The ’tubbies are differentiated from one another in various ways, and each has a favourite toy or prop. They are, in descending order of size: Tinky-Winky (who is purple, his antenna a triangle shape, his favourite ‘prop’ a handbag); Dipsy (lime green, his antenna a straight-up phallic thrust, his favourite prop an enormous black-and-white top hat); La-La (yellow, her antenna curled like a pig’s tail, her prop a ball); and Po, the littlest of them (red, his antenna a circle, his prop a scooter). The show’s conceit is that these curious space-alien-creatures represent toddlers at different stages of development, such that Tinky-Winky has the greatest (although still severely limited) linguistic capabilities, and Po talks in baby-talk. They are also differentiated in terms of character: they all have racially ‘white’ faces and hands, except for Dipsy who is racially ‘black’ (quite apart from his pimp hat, Dipsy adopts rather patronisingly stereotypical hip-hop dance postures). La-La likes to sing. Po likes to ride around on her scooter. All four of these beings have television screens inset into their bellies: which is, of course, the feature that gives the show its name.

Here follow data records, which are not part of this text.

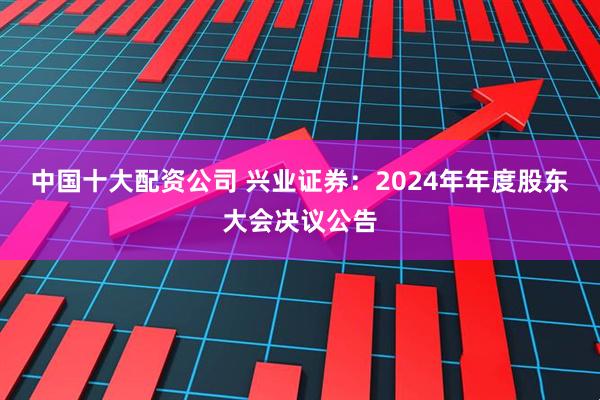 中国十大配资公司 兴业证券：2024年年度股东大会决议公告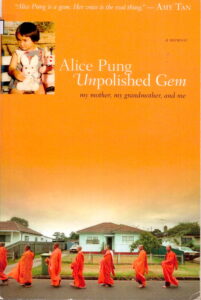 Alice Pung Unpolished Gem: my mother, my grandmother, and me. “Alice Pung is a gem. Her voice is the real thing” Amy TAN.
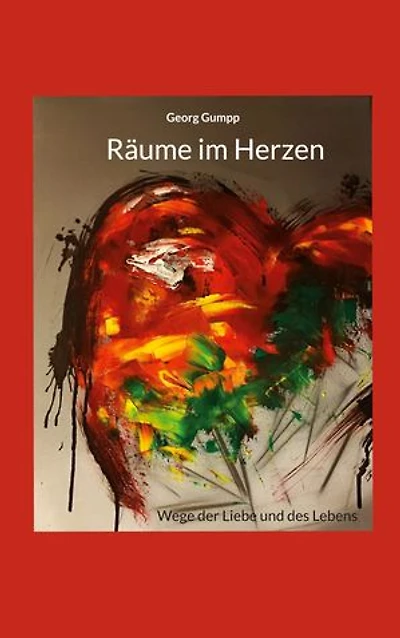 Räume im Herzen: Wege der Liebe und des Lebens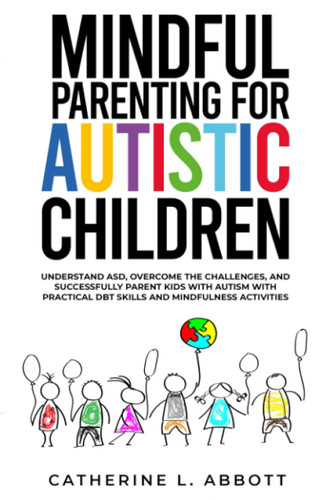 Mindful Parenting for Autistic Children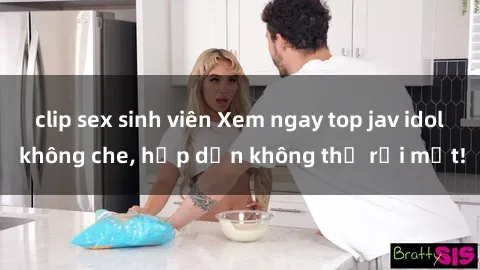 clip sex sinh viên Xem ngay top jav idol không che, hấp dẫn không thể rời mắt!
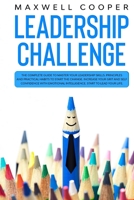 Leadership Challenge: The Complete Guide to Master your Leadership Skills. Principles and Practical Habits to Start the Change. Increase your Grit and Self Confidence with Emotional Intelligence 1914136292 Book Cover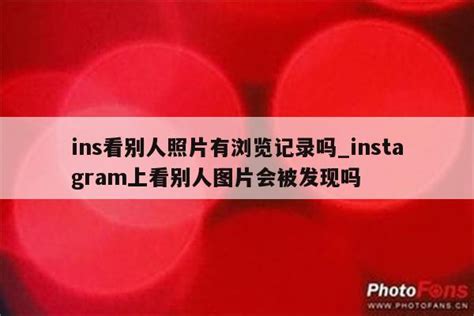 Ins看别人照片有浏览记录吗instagram上看别人图片会被发现吗 Ins相关 Appid共享网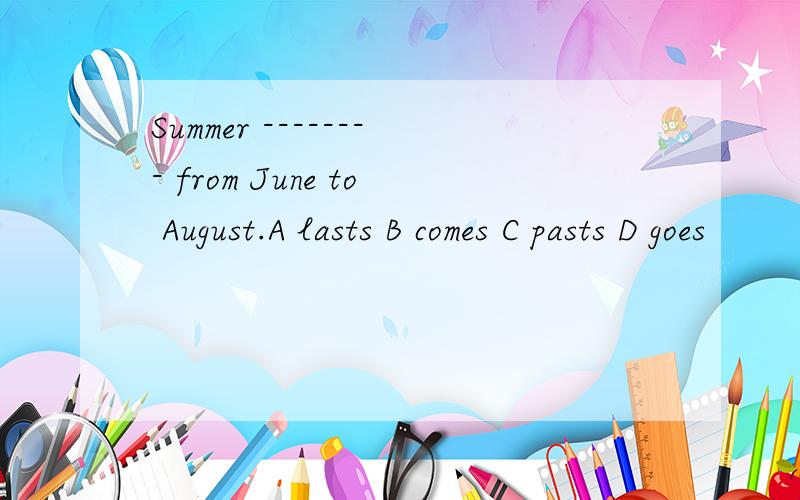 Summer -------- from June to August.A lasts B comes C pasts D goes
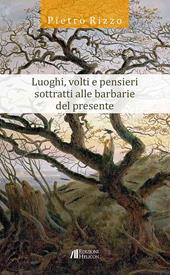 Luoghi, volti e pensieri sottratti alle barbarie del presente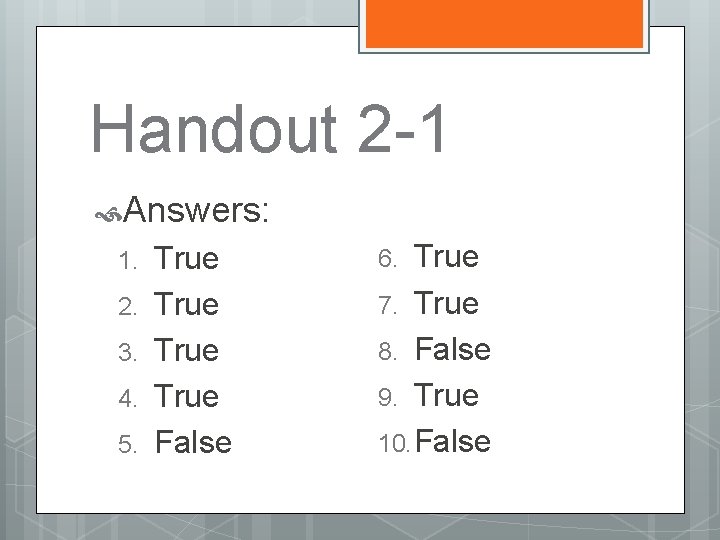 Handout 2 -1 Answers: 1. 2. 3. 4. 5. True False True 7. True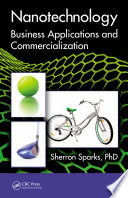 Nanotechnology : business applications and commercialization /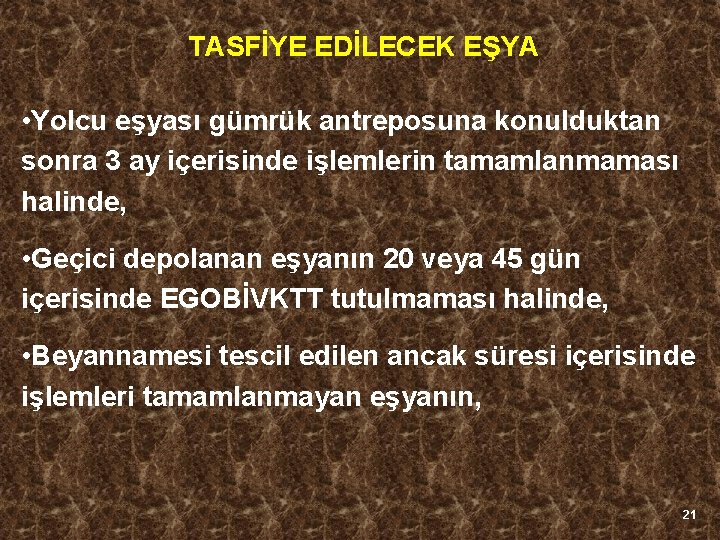 TASFİYE EDİLECEK EŞYA • Yolcu eşyası gümrük antreposuna konulduktan sonra 3 ay içerisinde işlemlerin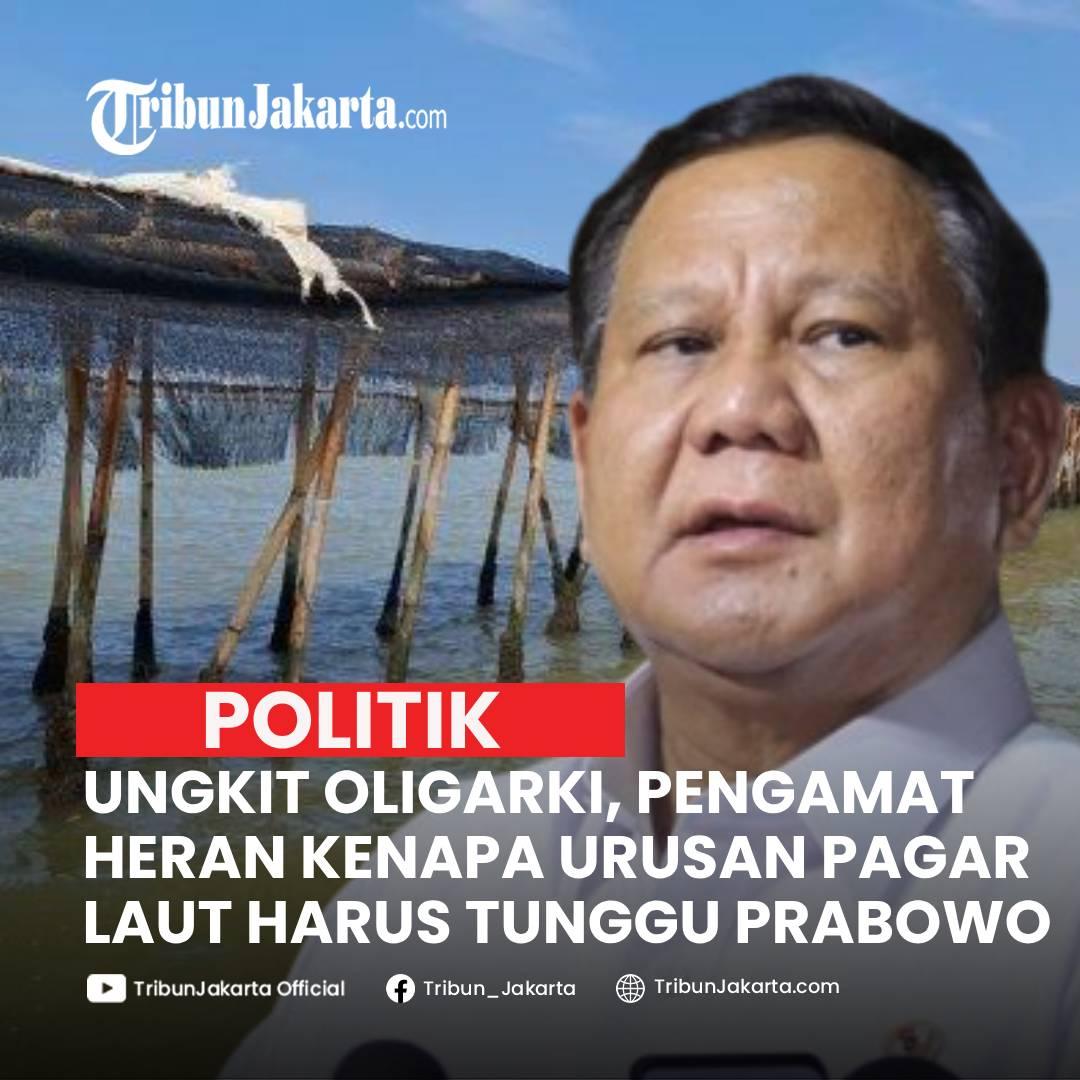 KLIK SELENGKAPNYA: Pengamat Politik Adi Prayitno Ungkit Narasi Oligarki terkait Polemik Pagar Laut di Kabupaten Tangerang. Ia Heran Kenapa Prabowo Harus Turun Tangan.

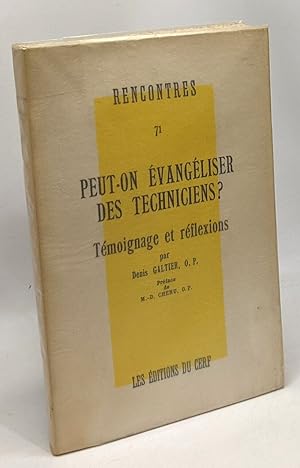 Peut-on évangéliser des techniciens? - témoignage et réflexions - rencontre 71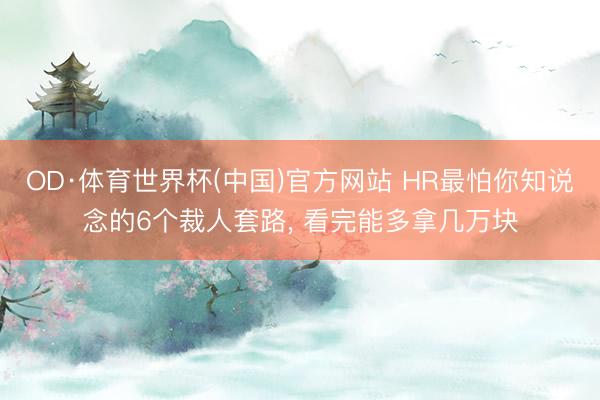 OD·体育世界杯(中国)官方网站 HR最怕你知说念的6个裁人套路， 看完能多拿几万块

Episodes are slow-paced and built around the principle of repetition. Each begins with a baby-faced sun rising over the landscape, and the Teletubbies bouncing out of the hole in the top of their dome. The four of them may dance, or have individual or group adventures. Various sorts of entertainment arrive, without warning or explanation, to divert the creatures: a miniature merry-go-round with a tap-dancing teddy bear may fly down from the sky; a house may appear from nowhere, in which a tiny Scotsman sings at each window in turn; a parade of animals may pass, two-by-two.
At the core of each show is the inclusion of documentary ‘real life’ footage of actual children. The ritual that accompanies this section of the show is always the same. A giant windmill tower on the horizon starts spinning, emitting some form of powerful sparkling energy. The Teletubbies all run out of the house to a nearby hilltop in a state of high excitement. They hug, and fall on the ground, and the energy beams stimulate each of their belly-inset television screens in turn, until one of the four (a different one each episode) receives the proper transmission. Then the other three gather round and watch the television show—as it might be, a group of children painting in a play-group, or living on a narrow-boat with their parents, or visiting a petting zoo. These short films contrast strongly with the toonish environment of Teletubbyland. When they finish, the Teletubbies almost always chorus ‘Again! Again!’ and the film is repeated.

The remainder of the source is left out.